Directions - What appears from the first line of the records below through the line containing "Paperback The Theophostic" must be reproduced verbatim.

Material shown -
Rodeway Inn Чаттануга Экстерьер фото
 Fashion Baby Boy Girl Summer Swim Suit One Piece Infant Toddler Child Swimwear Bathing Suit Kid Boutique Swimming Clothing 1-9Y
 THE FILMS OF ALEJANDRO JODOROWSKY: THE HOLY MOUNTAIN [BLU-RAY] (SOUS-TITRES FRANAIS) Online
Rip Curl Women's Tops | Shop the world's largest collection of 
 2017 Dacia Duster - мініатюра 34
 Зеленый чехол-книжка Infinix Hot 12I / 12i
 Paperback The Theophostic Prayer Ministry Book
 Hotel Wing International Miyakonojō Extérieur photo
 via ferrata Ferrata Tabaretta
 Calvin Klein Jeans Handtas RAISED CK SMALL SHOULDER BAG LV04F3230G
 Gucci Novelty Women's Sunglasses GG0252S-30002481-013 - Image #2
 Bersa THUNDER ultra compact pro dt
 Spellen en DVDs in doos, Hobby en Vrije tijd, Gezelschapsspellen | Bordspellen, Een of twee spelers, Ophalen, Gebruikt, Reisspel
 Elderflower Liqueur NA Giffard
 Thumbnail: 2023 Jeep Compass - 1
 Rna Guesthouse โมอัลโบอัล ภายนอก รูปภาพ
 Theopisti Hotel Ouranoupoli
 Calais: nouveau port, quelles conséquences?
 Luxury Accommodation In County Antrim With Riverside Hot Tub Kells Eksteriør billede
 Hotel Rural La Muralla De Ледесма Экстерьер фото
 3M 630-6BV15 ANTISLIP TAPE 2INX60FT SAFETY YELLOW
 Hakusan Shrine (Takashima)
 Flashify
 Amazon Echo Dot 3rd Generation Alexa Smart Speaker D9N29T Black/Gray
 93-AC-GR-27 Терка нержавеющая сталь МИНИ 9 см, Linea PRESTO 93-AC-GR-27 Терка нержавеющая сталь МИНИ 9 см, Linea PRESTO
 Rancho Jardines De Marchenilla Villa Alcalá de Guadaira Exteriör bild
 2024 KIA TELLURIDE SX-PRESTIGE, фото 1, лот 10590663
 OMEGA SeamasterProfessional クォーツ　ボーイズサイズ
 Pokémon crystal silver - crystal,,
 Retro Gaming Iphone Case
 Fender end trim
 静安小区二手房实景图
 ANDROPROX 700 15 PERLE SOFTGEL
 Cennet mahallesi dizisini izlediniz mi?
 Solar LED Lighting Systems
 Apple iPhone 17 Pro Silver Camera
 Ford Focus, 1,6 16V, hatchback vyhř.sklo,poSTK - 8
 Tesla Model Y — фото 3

Response to this exercise -
Rodeway Inn Чаттануга Экстерьер фото
 Fashion Baby Boy Girl Summer Swim Suit One Piece Infant Toddler Child Swimwear Bathing Suit Kid Boutique Swimming Clothing 1-9Y
 THE FILMS OF ALEJANDRO JODOROWSKY: THE HOLY MOUNTAIN [BLU-RAY] (SOUS-TITRES FRANAIS) Online
Rip Curl Women's Tops | Shop the world's largest collection of 
 2017 Dacia Duster - мініатюра 34
 Зеленый чехол-книжка Infinix Hot 12I / 12i
 Paperback The Theophostic Prayer Ministry Book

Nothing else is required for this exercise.